__Aim of the task__
In the entries below, find each line with the string "Rear" and copy it.

__Entries shown__
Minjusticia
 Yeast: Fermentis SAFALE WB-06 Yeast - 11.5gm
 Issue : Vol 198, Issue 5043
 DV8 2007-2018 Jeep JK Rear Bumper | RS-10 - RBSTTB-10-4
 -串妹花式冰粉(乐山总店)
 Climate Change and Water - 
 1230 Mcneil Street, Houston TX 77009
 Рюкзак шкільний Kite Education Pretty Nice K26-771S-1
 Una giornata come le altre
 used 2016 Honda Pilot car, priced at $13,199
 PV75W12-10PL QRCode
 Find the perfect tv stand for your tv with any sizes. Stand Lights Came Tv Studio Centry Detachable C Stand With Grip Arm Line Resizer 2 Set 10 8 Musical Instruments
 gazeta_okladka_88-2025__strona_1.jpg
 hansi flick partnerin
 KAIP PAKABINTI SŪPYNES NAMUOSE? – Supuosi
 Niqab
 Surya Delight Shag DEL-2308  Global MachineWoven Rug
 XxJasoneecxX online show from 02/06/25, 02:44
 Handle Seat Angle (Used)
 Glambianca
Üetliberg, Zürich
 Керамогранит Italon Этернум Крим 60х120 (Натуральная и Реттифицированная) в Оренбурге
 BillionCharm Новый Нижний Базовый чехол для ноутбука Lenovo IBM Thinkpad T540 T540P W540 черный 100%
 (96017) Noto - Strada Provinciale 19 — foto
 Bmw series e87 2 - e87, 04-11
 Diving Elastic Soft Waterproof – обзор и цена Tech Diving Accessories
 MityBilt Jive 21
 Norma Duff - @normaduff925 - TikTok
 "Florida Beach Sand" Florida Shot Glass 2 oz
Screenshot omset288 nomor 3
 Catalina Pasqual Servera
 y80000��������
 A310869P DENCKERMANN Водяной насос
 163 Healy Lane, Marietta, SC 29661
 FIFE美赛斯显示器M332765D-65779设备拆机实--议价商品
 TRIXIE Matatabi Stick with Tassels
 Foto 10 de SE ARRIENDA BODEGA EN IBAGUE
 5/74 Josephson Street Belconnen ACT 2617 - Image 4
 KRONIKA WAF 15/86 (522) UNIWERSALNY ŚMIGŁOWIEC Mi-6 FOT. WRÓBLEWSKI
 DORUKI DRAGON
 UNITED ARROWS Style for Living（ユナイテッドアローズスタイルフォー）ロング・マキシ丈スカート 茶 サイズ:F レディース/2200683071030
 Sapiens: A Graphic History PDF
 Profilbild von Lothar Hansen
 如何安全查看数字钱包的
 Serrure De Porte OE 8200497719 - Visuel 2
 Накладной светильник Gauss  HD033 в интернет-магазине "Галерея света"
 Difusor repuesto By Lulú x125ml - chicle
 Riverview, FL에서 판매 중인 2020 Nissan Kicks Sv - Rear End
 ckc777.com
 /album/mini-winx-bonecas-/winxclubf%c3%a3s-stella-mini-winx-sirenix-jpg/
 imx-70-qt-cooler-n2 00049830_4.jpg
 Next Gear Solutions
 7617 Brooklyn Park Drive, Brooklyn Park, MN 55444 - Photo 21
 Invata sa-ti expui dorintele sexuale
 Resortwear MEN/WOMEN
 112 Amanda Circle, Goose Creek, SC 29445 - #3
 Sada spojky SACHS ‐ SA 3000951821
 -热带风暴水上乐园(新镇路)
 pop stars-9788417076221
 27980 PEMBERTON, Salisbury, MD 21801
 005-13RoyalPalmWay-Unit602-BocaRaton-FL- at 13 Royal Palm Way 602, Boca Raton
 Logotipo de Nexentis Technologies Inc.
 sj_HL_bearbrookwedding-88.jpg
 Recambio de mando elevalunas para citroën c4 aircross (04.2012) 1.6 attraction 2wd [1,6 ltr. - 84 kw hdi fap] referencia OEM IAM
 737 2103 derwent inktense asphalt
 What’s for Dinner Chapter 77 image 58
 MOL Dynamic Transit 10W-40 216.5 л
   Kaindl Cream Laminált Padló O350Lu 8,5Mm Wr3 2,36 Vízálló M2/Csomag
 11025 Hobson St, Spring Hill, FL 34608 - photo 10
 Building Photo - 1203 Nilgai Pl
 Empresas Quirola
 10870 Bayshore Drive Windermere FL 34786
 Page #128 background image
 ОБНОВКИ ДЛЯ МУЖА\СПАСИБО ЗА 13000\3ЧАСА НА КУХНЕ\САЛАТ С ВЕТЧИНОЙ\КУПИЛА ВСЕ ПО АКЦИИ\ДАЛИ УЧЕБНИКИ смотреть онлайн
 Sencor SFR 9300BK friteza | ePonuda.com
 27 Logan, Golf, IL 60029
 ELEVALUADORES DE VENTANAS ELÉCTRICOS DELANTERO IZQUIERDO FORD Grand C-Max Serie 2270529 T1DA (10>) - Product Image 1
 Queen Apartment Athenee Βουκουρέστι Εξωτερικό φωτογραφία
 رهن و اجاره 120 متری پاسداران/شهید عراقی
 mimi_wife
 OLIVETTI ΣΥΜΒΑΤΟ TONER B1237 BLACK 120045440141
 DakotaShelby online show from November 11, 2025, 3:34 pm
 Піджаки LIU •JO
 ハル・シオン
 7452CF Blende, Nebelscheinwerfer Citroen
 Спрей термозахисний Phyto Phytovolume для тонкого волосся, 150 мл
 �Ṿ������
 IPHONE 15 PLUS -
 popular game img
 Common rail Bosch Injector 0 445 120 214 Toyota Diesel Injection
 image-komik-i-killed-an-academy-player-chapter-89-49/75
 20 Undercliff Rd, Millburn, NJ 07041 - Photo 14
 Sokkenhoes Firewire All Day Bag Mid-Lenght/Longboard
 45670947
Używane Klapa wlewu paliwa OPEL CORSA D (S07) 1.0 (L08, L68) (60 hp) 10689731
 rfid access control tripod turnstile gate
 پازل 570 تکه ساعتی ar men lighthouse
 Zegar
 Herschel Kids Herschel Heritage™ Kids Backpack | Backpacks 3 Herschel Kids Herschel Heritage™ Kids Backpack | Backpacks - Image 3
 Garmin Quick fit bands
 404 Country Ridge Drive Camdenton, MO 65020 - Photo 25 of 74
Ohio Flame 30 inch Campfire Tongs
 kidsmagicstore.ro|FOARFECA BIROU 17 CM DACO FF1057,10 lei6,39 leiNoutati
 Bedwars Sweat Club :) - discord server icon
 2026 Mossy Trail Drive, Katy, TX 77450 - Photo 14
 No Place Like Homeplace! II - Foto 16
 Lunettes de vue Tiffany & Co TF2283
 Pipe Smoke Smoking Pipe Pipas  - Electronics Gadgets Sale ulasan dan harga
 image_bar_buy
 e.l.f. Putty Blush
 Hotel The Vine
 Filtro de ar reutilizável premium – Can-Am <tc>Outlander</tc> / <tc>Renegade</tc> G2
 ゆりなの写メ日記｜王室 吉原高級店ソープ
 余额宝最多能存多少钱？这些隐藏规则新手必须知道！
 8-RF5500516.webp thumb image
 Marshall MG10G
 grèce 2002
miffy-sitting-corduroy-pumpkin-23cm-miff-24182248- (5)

__Reply to the task__
 DV8 2007-2018 Jeep JK Rear Bumper | RS-10 - RBSTTB-10-4
 Riverview, FL에서 판매 중인 2020 Nissan Kicks Sv - Rear End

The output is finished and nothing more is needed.